[Exercise goal]: Write out again the entries from the first line to the line that includes "Close-up of vegan", keeping both of those lines.

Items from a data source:
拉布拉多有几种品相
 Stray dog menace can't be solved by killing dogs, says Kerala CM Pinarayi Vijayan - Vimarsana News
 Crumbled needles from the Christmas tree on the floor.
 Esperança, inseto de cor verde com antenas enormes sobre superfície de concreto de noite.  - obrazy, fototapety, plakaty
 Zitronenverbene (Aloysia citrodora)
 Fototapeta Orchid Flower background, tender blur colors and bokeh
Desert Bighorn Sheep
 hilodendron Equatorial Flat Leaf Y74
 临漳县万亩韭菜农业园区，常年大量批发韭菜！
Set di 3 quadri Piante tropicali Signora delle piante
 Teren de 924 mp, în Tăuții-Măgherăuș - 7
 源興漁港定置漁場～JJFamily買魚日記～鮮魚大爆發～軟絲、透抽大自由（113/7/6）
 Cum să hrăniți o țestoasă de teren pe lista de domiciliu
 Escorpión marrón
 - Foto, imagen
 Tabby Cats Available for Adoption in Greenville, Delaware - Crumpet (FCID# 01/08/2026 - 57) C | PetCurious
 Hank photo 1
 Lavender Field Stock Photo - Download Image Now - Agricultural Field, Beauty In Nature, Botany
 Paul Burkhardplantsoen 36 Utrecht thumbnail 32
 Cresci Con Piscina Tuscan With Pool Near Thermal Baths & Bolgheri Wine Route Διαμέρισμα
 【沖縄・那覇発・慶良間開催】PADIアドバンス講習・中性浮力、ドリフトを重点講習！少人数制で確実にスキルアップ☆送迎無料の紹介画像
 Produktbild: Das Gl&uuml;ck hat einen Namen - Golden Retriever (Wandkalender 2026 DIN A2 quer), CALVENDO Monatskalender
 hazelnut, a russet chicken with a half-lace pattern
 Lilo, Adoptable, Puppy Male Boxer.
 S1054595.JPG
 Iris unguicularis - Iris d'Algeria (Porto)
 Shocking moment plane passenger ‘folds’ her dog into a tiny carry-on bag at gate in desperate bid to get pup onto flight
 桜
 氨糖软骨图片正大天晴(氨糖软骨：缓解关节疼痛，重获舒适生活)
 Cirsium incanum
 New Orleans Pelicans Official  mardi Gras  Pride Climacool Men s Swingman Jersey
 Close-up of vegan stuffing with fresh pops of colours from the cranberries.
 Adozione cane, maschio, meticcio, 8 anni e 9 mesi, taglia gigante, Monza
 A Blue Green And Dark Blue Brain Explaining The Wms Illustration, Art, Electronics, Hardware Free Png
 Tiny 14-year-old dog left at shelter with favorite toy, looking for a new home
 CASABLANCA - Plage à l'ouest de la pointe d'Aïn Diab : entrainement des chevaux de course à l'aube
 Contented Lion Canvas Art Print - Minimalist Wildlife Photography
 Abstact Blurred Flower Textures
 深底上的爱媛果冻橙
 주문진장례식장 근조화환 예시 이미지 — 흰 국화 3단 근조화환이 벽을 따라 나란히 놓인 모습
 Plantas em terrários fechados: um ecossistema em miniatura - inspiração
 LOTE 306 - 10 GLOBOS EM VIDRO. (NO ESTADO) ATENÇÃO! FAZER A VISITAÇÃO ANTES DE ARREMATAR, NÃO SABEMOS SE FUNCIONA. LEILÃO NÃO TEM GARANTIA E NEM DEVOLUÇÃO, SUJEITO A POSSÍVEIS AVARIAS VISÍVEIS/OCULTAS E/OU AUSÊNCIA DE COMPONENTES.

[Answer to this exercise]:
拉布拉多有几种品相
 Stray dog menace can't be solved by killing dogs, says Kerala CM Pinarayi Vijayan - Vimarsana News
 Crumbled needles from the Christmas tree on the floor.
 Esperança, inseto de cor verde com antenas enormes sobre superfície de concreto de noite.  - obrazy, fototapety, plakaty
 Zitronenverbene (Aloysia citrodora)
 Fototapeta Orchid Flower background, tender blur colors and bokeh
Desert Bighorn Sheep
 hilodendron Equatorial Flat Leaf Y74
 临漳县万亩韭菜农业园区，常年大量批发韭菜！
Set di 3 quadri Piante tropicali Signora delle piante
 Teren de 924 mp, în Tăuții-Măgherăuș - 7
 源興漁港定置漁場～JJFamily買魚日記～鮮魚大爆發～軟絲、透抽大自由（113/7/6）
 Cum să hrăniți o țestoasă de teren pe lista de domiciliu
 Escorpión marrón
 - Foto, imagen
 Tabby Cats Available for Adoption in Greenville, Delaware - Crumpet (FCID# 01/08/2026 - 57) C | PetCurious
 Hank photo 1
 Lavender Field Stock Photo - Download Image Now - Agricultural Field, Beauty In Nature, Botany
 Paul Burkhardplantsoen 36 Utrecht thumbnail 32
 Cresci Con Piscina Tuscan With Pool Near Thermal Baths & Bolgheri Wine Route Διαμέρισμα
 【沖縄・那覇発・慶良間開催】PADIアドバンス講習・中性浮力、ドリフトを重点講習！少人数制で確実にスキルアップ☆送迎無料の紹介画像
 Produktbild: Das Gl&uuml;ck hat einen Namen - Golden Retriever (Wandkalender 2026 DIN A2 quer), CALVENDO Monatskalender
 hazelnut, a russet chicken with a half-lace pattern
 Lilo, Adoptable, Puppy Male Boxer.
 S1054595.JPG
 Iris unguicularis - Iris d'Algeria (Porto)
 Shocking moment plane passenger ‘folds’ her dog into a tiny carry-on bag at gate in desperate bid to get pup onto flight
 桜
 氨糖软骨图片正大天晴(氨糖软骨：缓解关节疼痛，重获舒适生活)
 Cirsium incanum
 New Orleans Pelicans Official  mardi Gras  Pride Climacool Men s Swingman Jersey
 Close-up of vegan stuffing with fresh pops of colours from the cranberries.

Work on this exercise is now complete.